If you doubt that churches and Christianity often constitute the stumbling blocks Jesus condemns, look at churches' and faith leaders' stands against the poor or preferring "law and order" to justice for African Americans mistreated by police,  White Christians have used their "faith" to justify slavery, to oppose the Civil Rights Movement, and to condemn the Black Lives Matter movement. Just last week a prominent Baptist pastor said God had authorized Donald Trump "to take out Kim Jong-un."

More recently, President Trump, who was elected with huge support among professed Christians, who has been prayed over and had hands laid on him by evangelical pastors, has found it nearly impossible to call out white nationalists whose core beliefs deny that all human beings are created in the image of God. Mr. Trump, this one spoken of in Messiah-like terms by many Christians, speaks of those protesting the presence of Nazis and white supremacists in Charlottesville as though they are somehow as much to blame for the death and carnage as the white supremacist who deliberately killed and maimed those standing against evil, against his decidedly unChrist-like views.

All this brings me to the banner pictured above. It is the banner of "The Theological Declaration of Barmen," written by Christians, mostly from Germany, who objected to the rise of Hitler and to German state church's willingness to embrace Hitler. The state Lutheran church actually required its pastors to swear a loyalty oath to Hitler, despite strong objections from many pastors such as Dietrich Bonhoeffer, The Confessing Church movement that arose among the Christians opposed to Hitler produced this faith statement that is part of my denomination's Book of Confessions. The declaration insists that Christians have no Lord but Jesus, that there is no segment of life that must be given over to some other Lord.

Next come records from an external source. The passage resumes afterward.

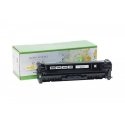 Neoriginali Static Control HP 305A (CE410X) Laserkasetti, Musta Neoriginali Static Control HP 305A (CE410X) Laserkasetti, Musta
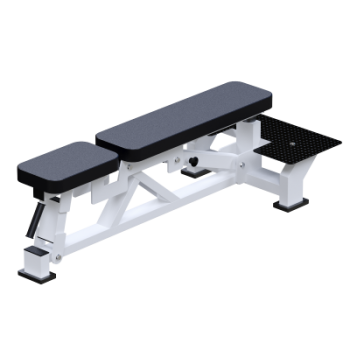 ���������������� ������� �������� ������ ������������ ����� Sabirgym SG008 vasil - Vasil-Gym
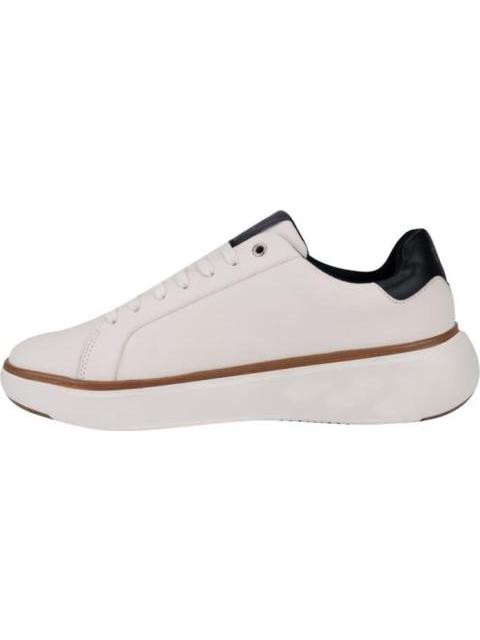 ZAPATO CASUAL SPORT TENIS CASUAL BLANCO SCHATZ SPORT - Image 5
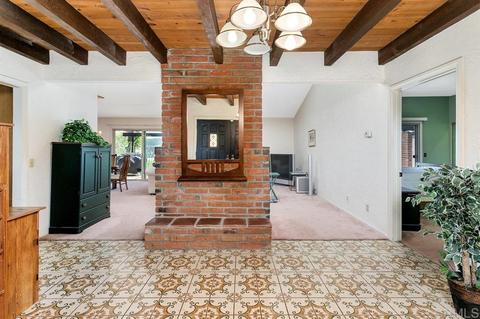 32020 Del Cielo Este, Bonsall, CA 92003 photo 17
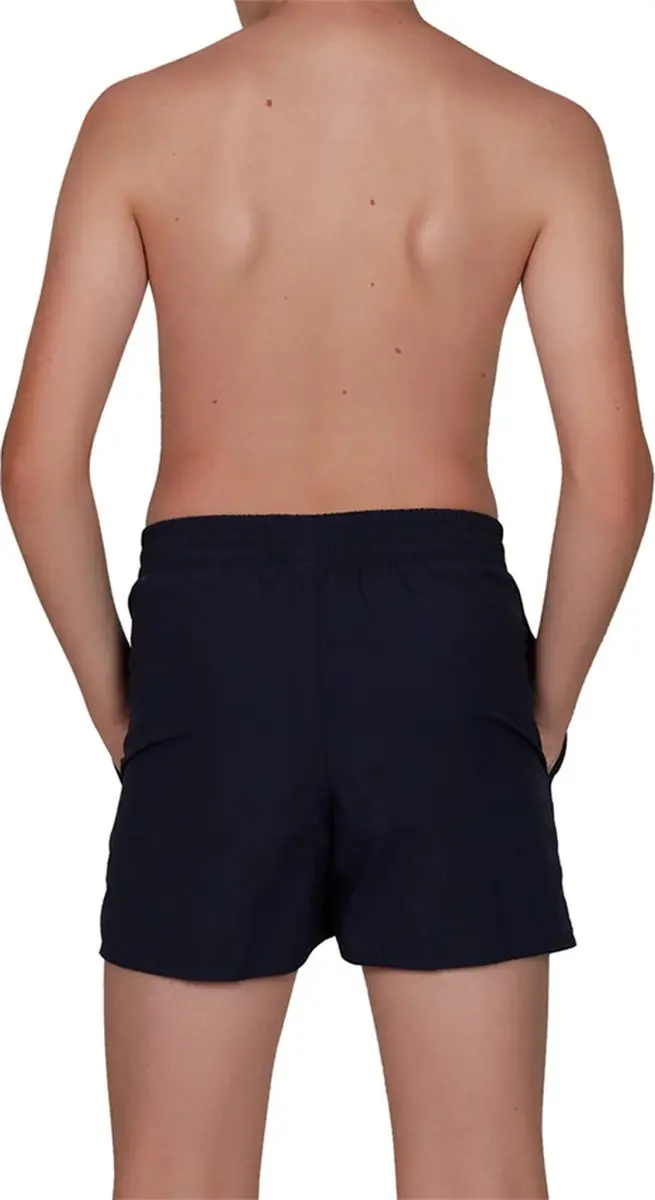 Speedo Essential 13" Watershort Heren - Marine - M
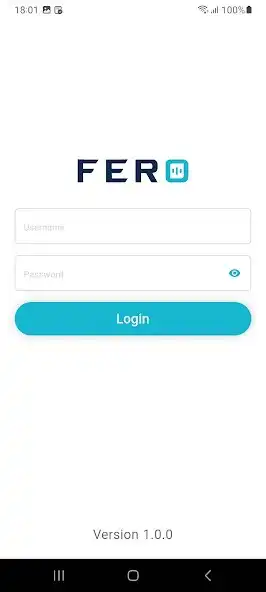 Play Fero and enjoy Fero with UptoPlay Play Fero and enjoy Fero with UptoPlay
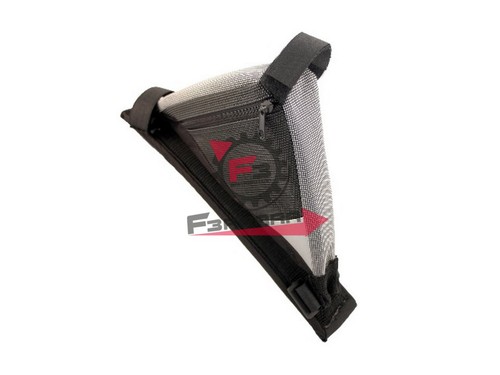 653 588020091 borsa spallaccio - 653.588020091,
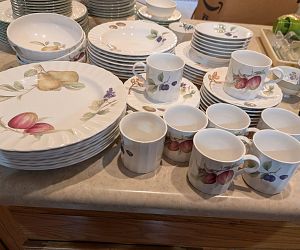 Sale Gallery Photo Thumbnail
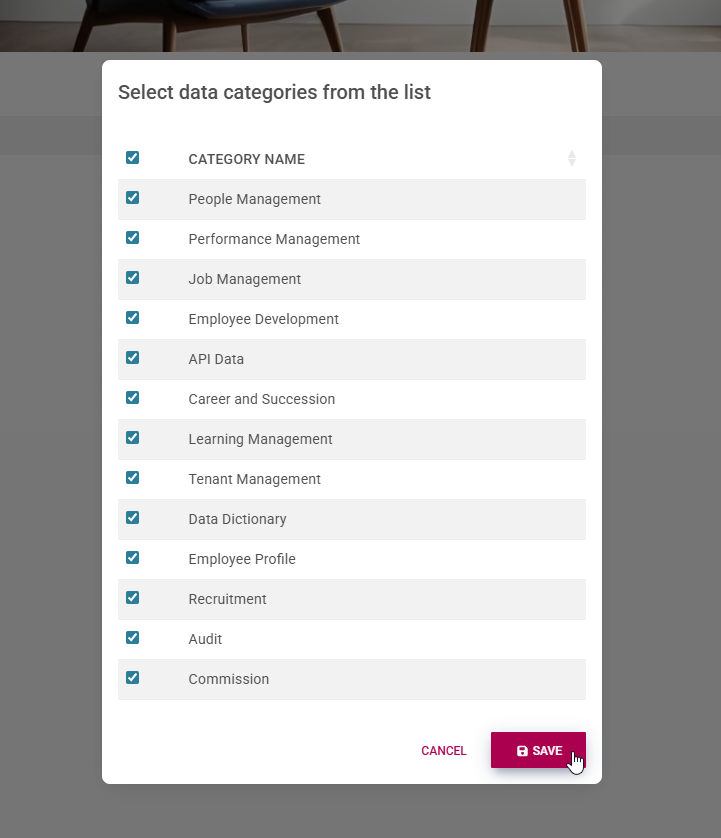 People Management User Permissions Report Data Access Select Categories.png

These Confessing Christians were more interested in following Jesus than being respectable, secure, safe, or participants in the prosperity and greatness that Hitler initially brought to Germany. They would walk the difficult, scandalous path of Jesus, despite the cost. They would not be tripped up or pulled off course by their church's willingness to become the stumbling block Jesus warned of just so it could preserve the life of that institutional church.

Dietrich Bonhoeffer once wrote, “Christianity stands or falls with its revolutionary protest against violence, arbitrariness and pride of power and with its plea for the weak. Christians are doing too little to make these points clear rather than too much. Christendom adjusts itself far too easily to the worship of power. Christians should give more offense, shock the world far more, than they are doing now. Christian should take a stronger stand in favor of the weak rather than considering first the possible right of the strong.” I wonder what Bonhoeffer would think of the state of the Church in our day.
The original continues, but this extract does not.